(Captioned web images)
BEGIN

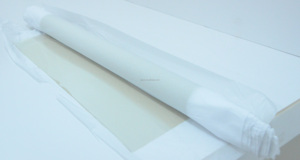 High Transparency Tin-Plated TEMPEST-Compliant Conductive Polyester <strong>Film</strong> EMI Shielding <strong>Film</strong> For Shielded Viewing <strong>Windows</strong> - Product Image 3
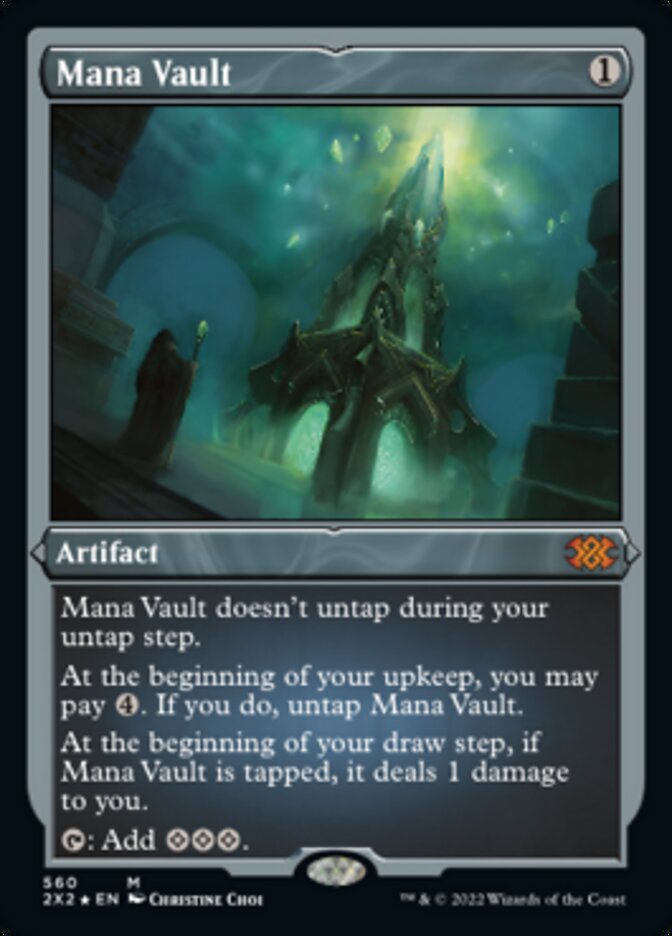 Featured MTG Singles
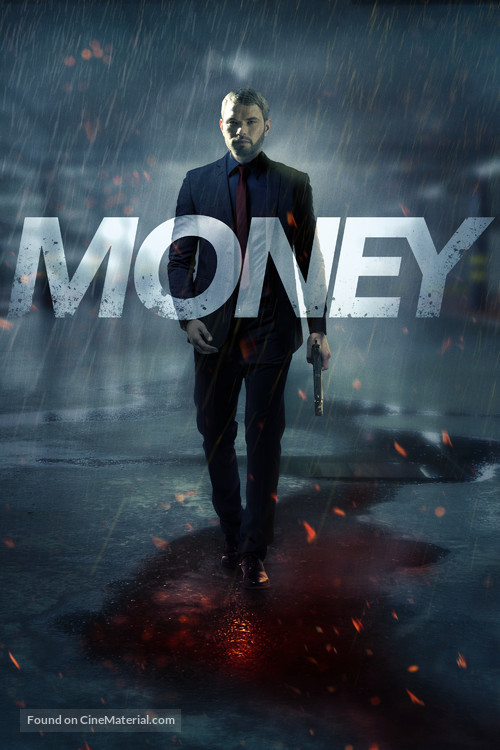 Money - Movie Cover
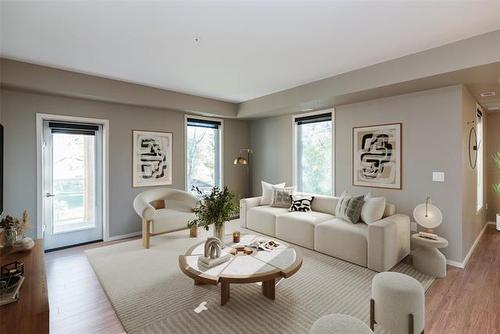 211-760 Tache Ave, Winnipeg, MB 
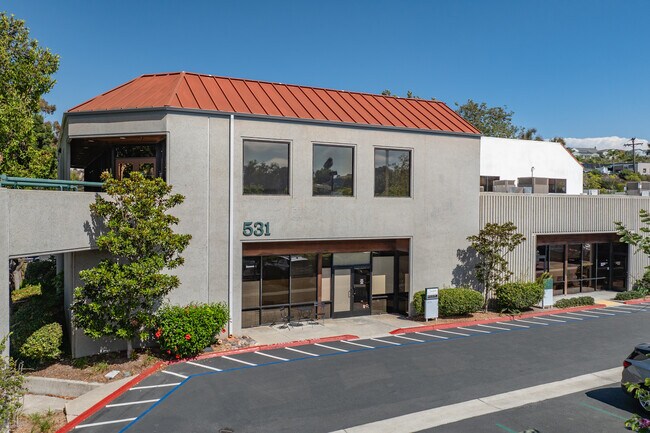 More details for 531 Encinitas Blvd, Encinitas, CA - Office to Rent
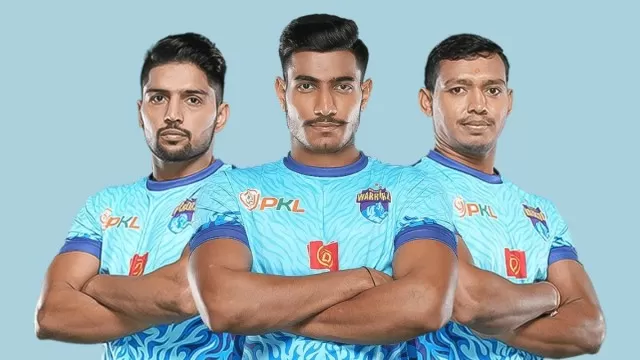 Bengal Warriors Squad and Schedule for Pro Kabaddi League (PKL) 2025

END

All of the data gets printed again exactly; the pictures do not.

> Solution to the exercise
 High Transparency Tin-Plated TEMPEST-Compliant Conductive Polyester <strong>Film</strong> EMI Shielding <strong>Film</strong> For Shielded Viewing <strong>Windows</strong> - Product Image 3
 Featured MTG Singles
 Money - Movie Cover
 211-760 Tache Ave, Winnipeg, MB 
 More details for 531 Encinitas Blvd, Encinitas, CA - Office to Rent
 Bengal Warriors Squad and Schedule for Pro Kabaddi League (PKL) 2025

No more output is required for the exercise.